PROBLEM STATEMENT: Each line below from the line with "The discussions included" to the line with "You can select" must be copied exactly, including those two, and no picture may appear in the copy.

DATA TO PROCESS:
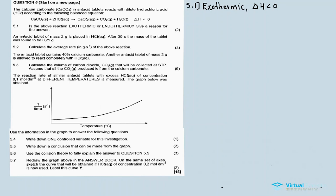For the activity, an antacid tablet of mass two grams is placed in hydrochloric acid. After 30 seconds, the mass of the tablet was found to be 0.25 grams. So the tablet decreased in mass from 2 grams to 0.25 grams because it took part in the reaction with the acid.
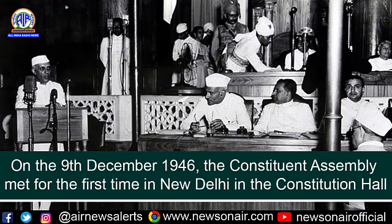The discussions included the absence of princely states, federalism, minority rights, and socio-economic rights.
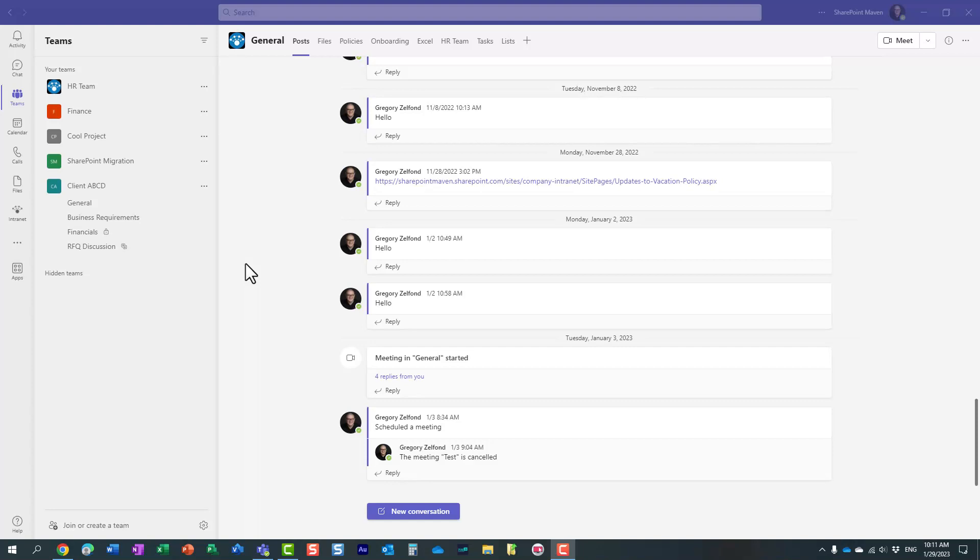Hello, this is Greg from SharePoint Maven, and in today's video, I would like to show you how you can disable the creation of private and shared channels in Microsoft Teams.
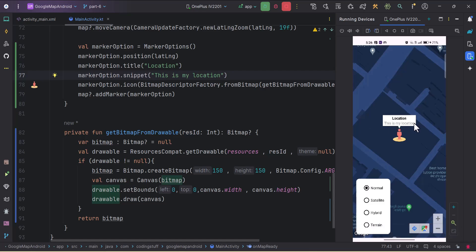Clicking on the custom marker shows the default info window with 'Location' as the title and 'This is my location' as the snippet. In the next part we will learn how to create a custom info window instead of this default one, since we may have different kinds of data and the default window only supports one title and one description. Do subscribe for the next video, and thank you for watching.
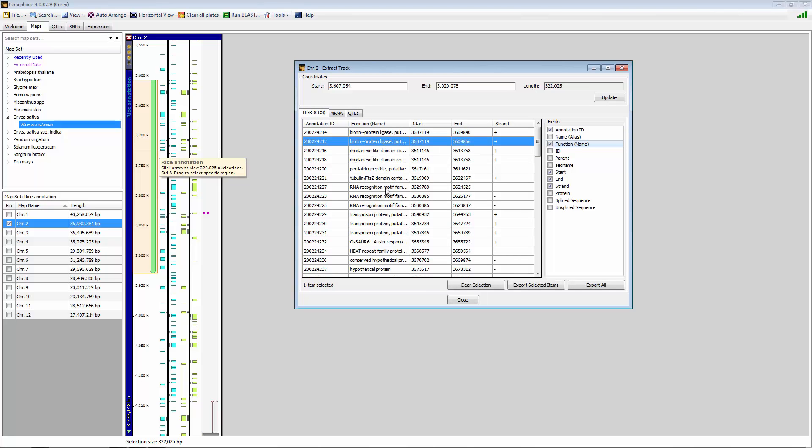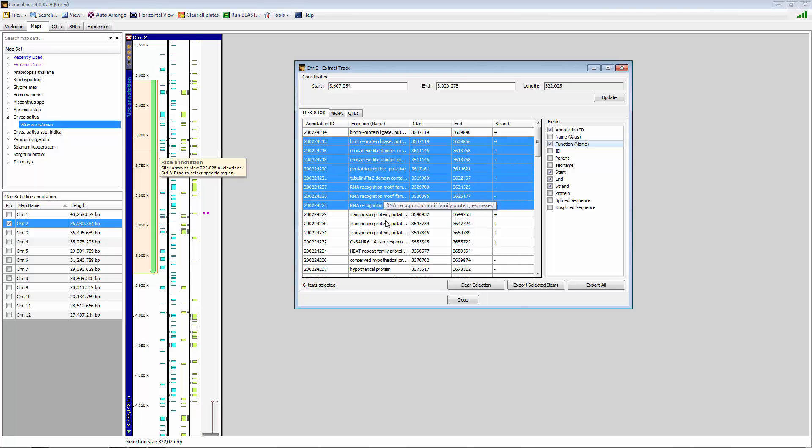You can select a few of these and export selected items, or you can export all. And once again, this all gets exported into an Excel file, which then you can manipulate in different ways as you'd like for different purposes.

--

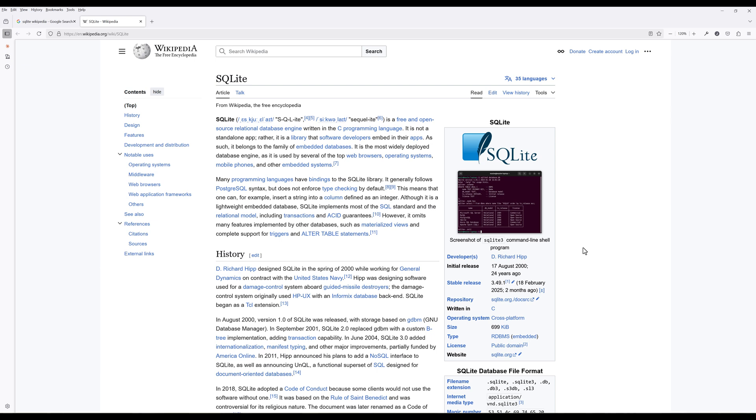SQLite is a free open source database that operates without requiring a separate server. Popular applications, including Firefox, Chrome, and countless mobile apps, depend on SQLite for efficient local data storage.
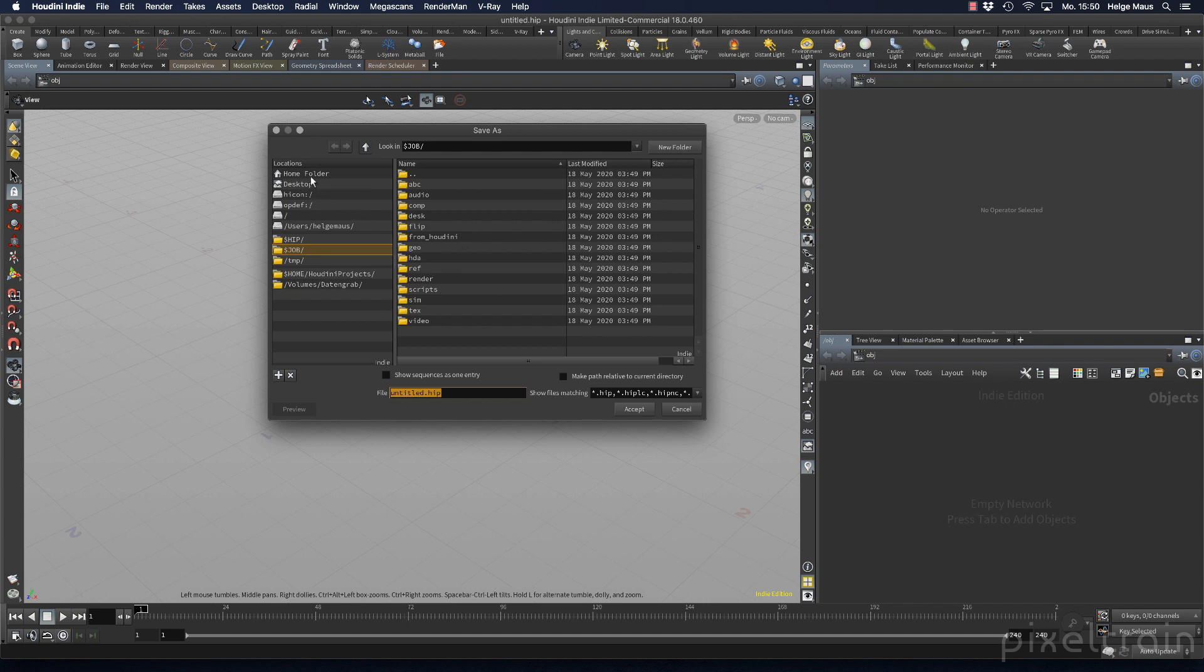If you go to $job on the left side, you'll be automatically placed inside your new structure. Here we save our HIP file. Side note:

ANSWER TO THE PROBLEM:
The discussions included the absence of princely states, federalism, minority rights, and socio-economic rights.
Hello, this is Greg from SharePoint Maven, and in today's video, I would like to show you how you can disable the creation of private and shared channels in Microsoft Teams.
Clicking on the custom marker shows the default info window with 'Location' as the title and 'This is my location' as the snippet. In the next part we will learn how to create a custom info window instead of this default one, since we may have different kinds of data and the default window only supports one title and one description. Do subscribe for the next video, and thank you for watching.
You can select a few of these and export selected items, or you can export all. And once again, this all gets exported into an Excel file, which then you can manipulate in different ways as you'd like for different purposes.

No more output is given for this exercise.